It's about an hour southeast of Cincinnati.


----------



## Jackson'sMom (Oct 13, 2007)

All these stories of beautiful dogs needing nothing more than a good home and a family or person to love them just break my heart. We think humans are such superior creatures, so advanced with all of our technologies. But somewhere along the path of our 'evolution' we seem to have lost our hearts. So sad.


----------



## jason0618 (Sep 17, 2007)

Karen519 said:


> Jason:
> 
> Please encourage everyone to volunteer at Adams and adopt and rescue from there. They have such beautiful dogs and it is a yucky place-no ventilation, drainage, dirty, very poor, very rural, very few adopters.


I'd love to volunteer. Their hours are so limited there that I don't know when I'd be able to. CLosed weekends, they close at 4 or 5 pm through the week...


----------



## Karen519 (Aug 21, 2006)

*Jason*

Jason:

Thanks.

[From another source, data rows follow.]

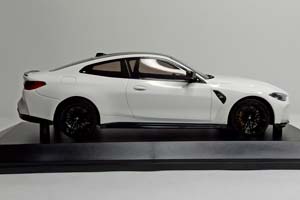 BMW M4 -2020 (G82) WHITE 1:18 MINICHAMPS — фото 6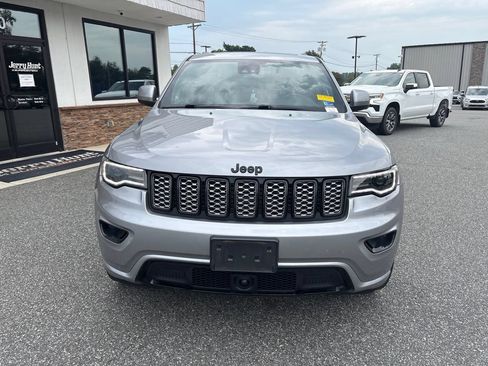 Used 2021 Jeep Grand Cherokee Laredo X AWD/4WD image 10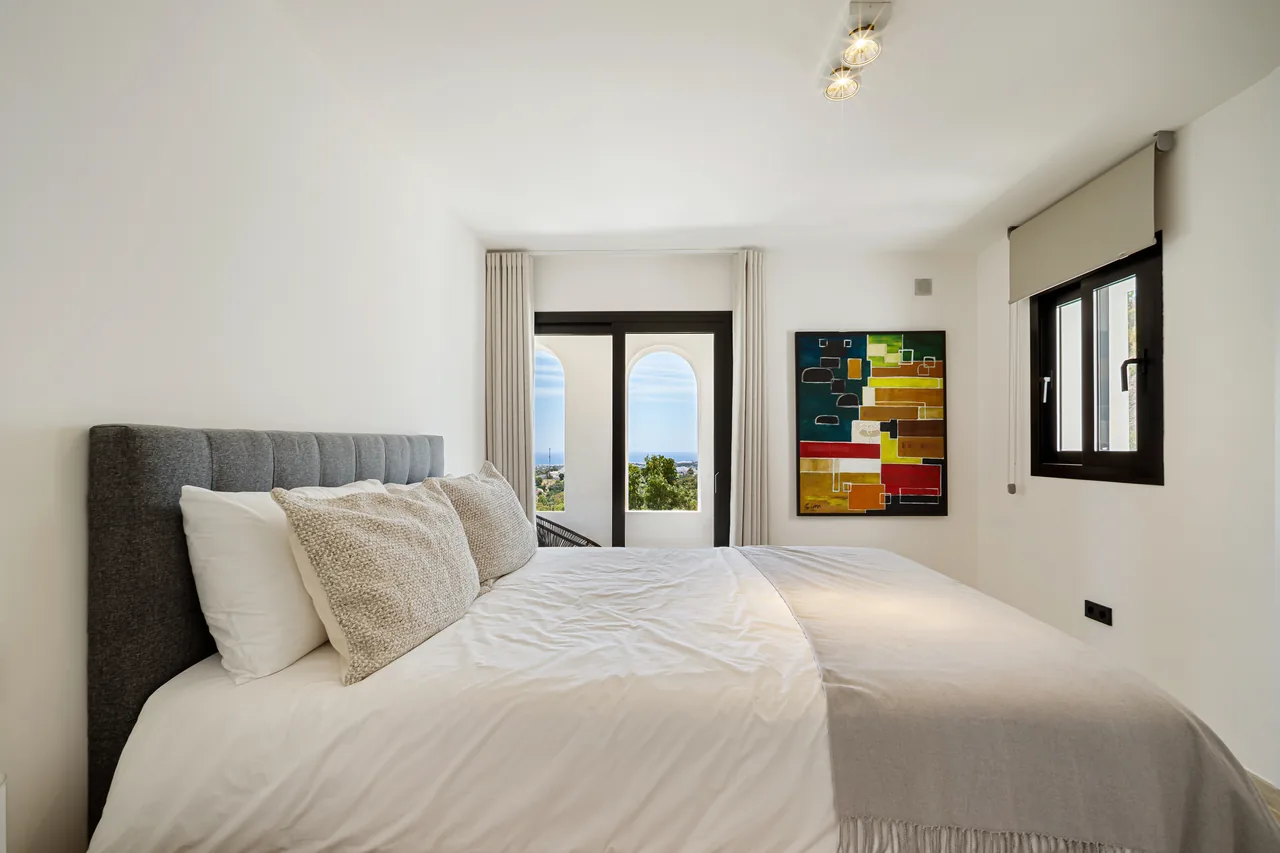 5-bedroom villa in Las Lomas de Nueva with private pool and private garden — image 12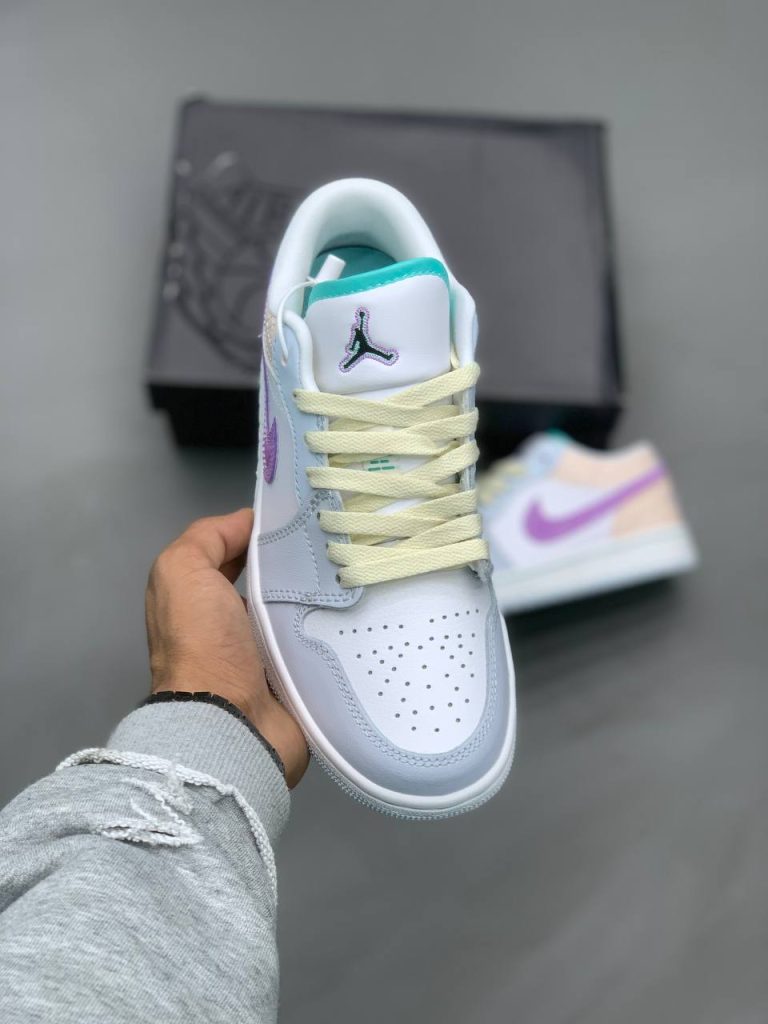 کتونی نایک jordan 1 low se arctic punch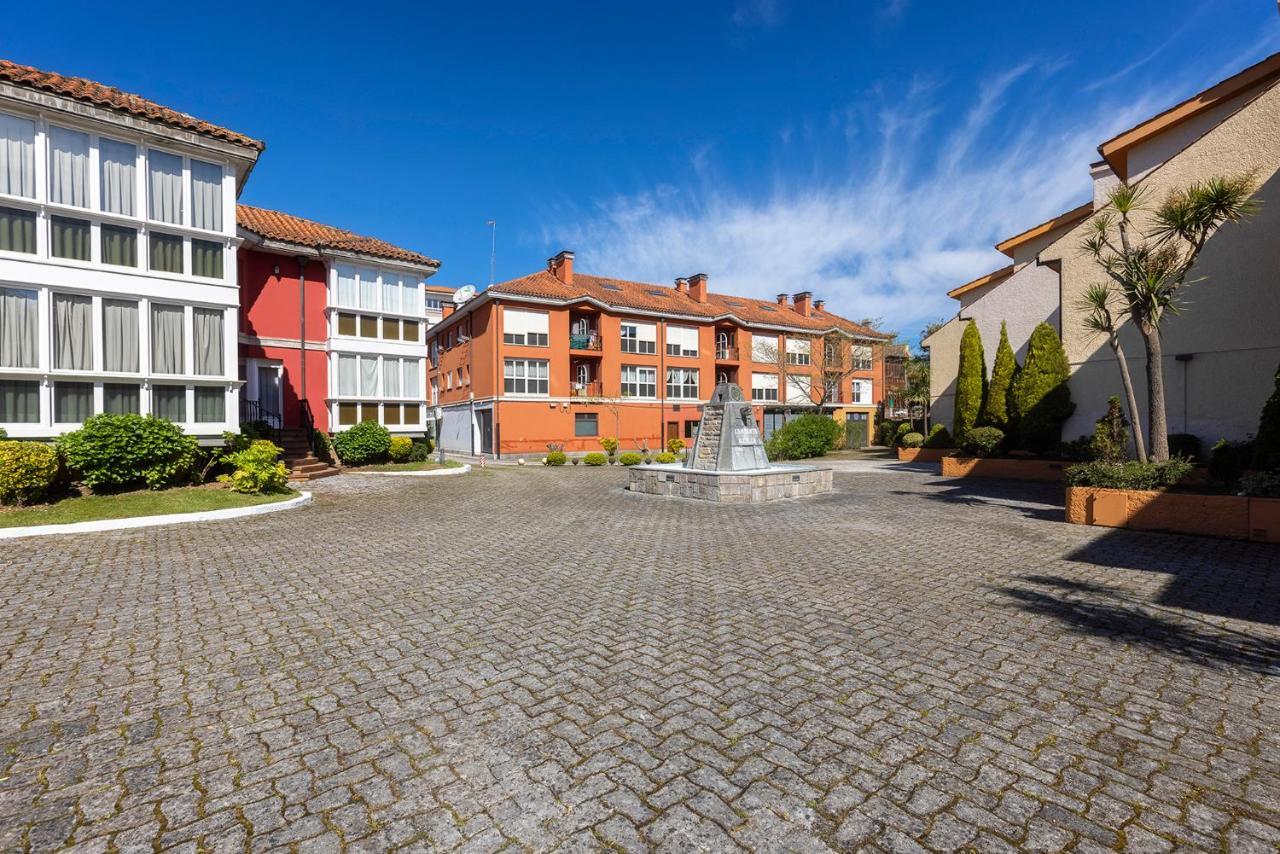 Apartamento El Tarin Лянес Екстериор снимка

If you want to check on the hours you can e-mail Mary Bevens at:
[email protected]. She is trying to help the dogs at Adams.


----------



## Karen519 (Aug 21, 2006)

*Update on the Three Golden Retrievers at Adams in Ohio*

I am really confused by Adams. *Mary told me this week that the two Golden Retrievers there have rescue coming, but they are still marked URGENT AND *Mary ([email protected]), *said the female is NOT PREGNANT.*Today I looked at their site and now there is a third Golden Retriever, Oliver there. In the pic I'm attaching, there are two dogs, one in front looks llike a Choc. Lab and dog behind him must be Oliver-he could be purebred Golden Ret., not that it matters.

Petfinder pet list - Pets at Adams County Dog Pound


----------



## Karen519 (Aug 21, 2006)

*Now Three Golden Rets. at Adams need Rescue..*

I received a reply from Mary today and *all three of the Golden Retrievers at Adams, need rescue.*

Petfinder pet list - Pets at Adams County Dog Pound

I just e-mld. all of the Golden Ret. Rescues in OH, the one in KY, GRRAND, AND Almost Heaven in WV, for the three Golden Retrievers at Adams County Dog POund, (K5, K6, and Oliver).:uhoh::uhoh:

*Please Pray-they need to get out of this place-they are NOT SAFE!!!*


----------



## Karen519 (Aug 21, 2006)

*Almost Heaven..*

Just heard back from Almost Heaven Rescue-they will take all three Golden Rets. at Adams, provided female is DEFINITELY NOT PREGANT, AND that she is spayed before transport. I told them I will pay for her spay and pull fees if they need me to, so these three gets saved.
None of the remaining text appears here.